Le secrétaire américain à l'Energie, Chris Wright, a déclaré dimanche que la guerre américano-israélienne contre l'Iran pourrait prendre fin d'ici quelques semaines et a laissé entendre qu'il s'attendait à ce que la flambée des prix du pétrole retomberait après la guerre."Le peuple américain ressent l'impact maintenant et continuera à le ressentir dans les semaines à venir", a déclaré Wright à l'animatrice Kristen Welker sur "Meet the Press" de NBC. "Mais en fin de compte, nous éliminerons la plus grande menace qui pèse sur l'approvisionnement énergétique mondial. Nous inaugurerons un monde avec une énergie plus abondante, une énergie plus abordable et des risques moindres pour l'armée américaine et le commerce américain au Moyen-Orient."

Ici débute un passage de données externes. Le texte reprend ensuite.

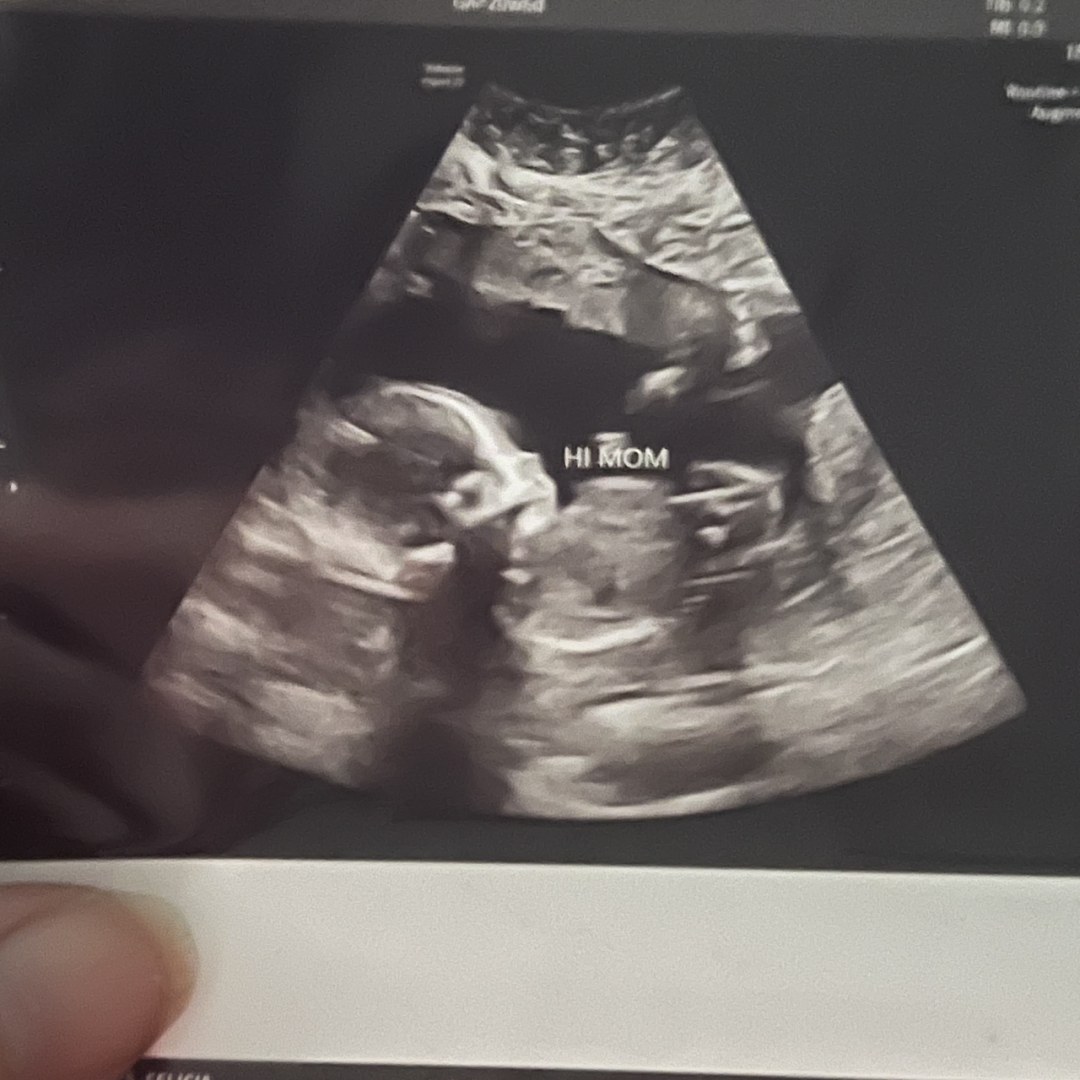 Photo shared by Felicia for their Babylist baby registry.
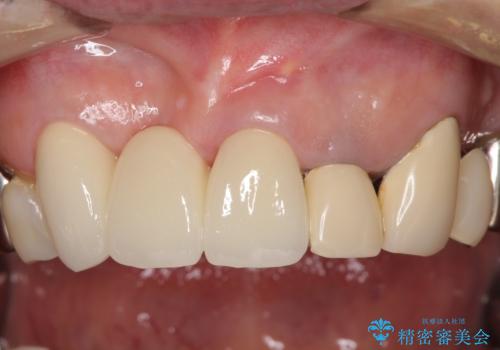 着色が著しい前歯のブリッジをオールセラミックできれいにの治療後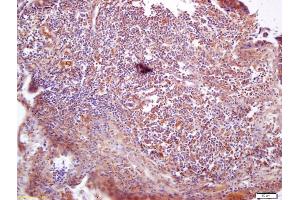 Formalin-fixed and paraffin embedded human lung carcinoma labeled with Anti-VAV3 Polyclonal Antibody, Unconjugated (ABIN706421) at 1:200 followed by conjugation to the secondary antibody and DAB staining (VAV3 Antikörper  (AA 701-800))
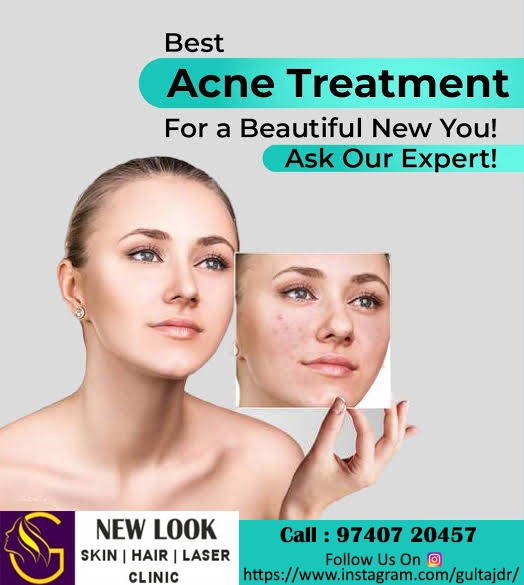 New Look SkinHair Laser Clinic, Best Acne Treatment in Indiranagar, Acne Treatment in Indiranagar, Best Skin Treatment in Indiranagar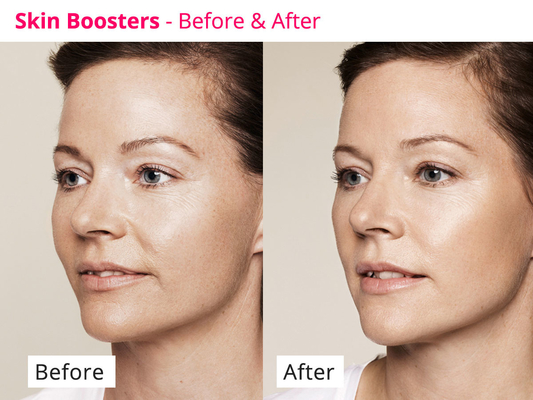 Trẻ hóa da PDRN Skinbooster Meso Serum để tái tạo collagen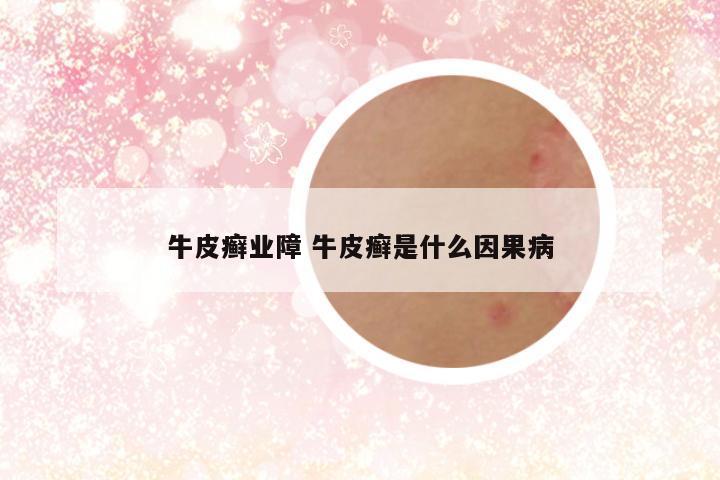 牛皮癣业障 牛皮癣是什么因果病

Lorsqu'on lui a demandé si "quelques semaines de plus" était son attente pour la durée de la guerre, il a ajouté : "Je pense que c'est un délai plus probable".

Trump a déclaré la semaine dernière que la guerre était « presque terminée », bien qu'il ait déclaré samedi dans une interview accordée à Welker que l'Iran était prêt à conclure un accord pour mettre fin à la guerre mais qu'il ne l'accepterait pas « parce que les conditions ne sont pas assez bonnes ».

Les commentaires de Wright interviennent alors que la fermeture par l'Iran du détroit d'Ormuz a poussé les prix du pétrole brut au-delà de 100 dollars le baril, suscitant des inquiétudes quant à la poursuite de la hausse des prix de l'essence aux États-Unis et dans le monde si la guerre se poursuit.

Trump a publié samedi matin sur les réseaux sociaux que de nombreux pays, dont la France, le Japon, la Corée du Sud et le Royaume-Uni, « espèrent » envoyer des navires de guerre à proximité de l'Iran pour aider à rouvrir le détroit. Les alliés des États-Unis en Asie, notamment le Japon et la Corée du Sud, se démènent pour répondre à la crise énergétique provoquée par la guerre, avec peu de conseils de la part de l’administration Trump.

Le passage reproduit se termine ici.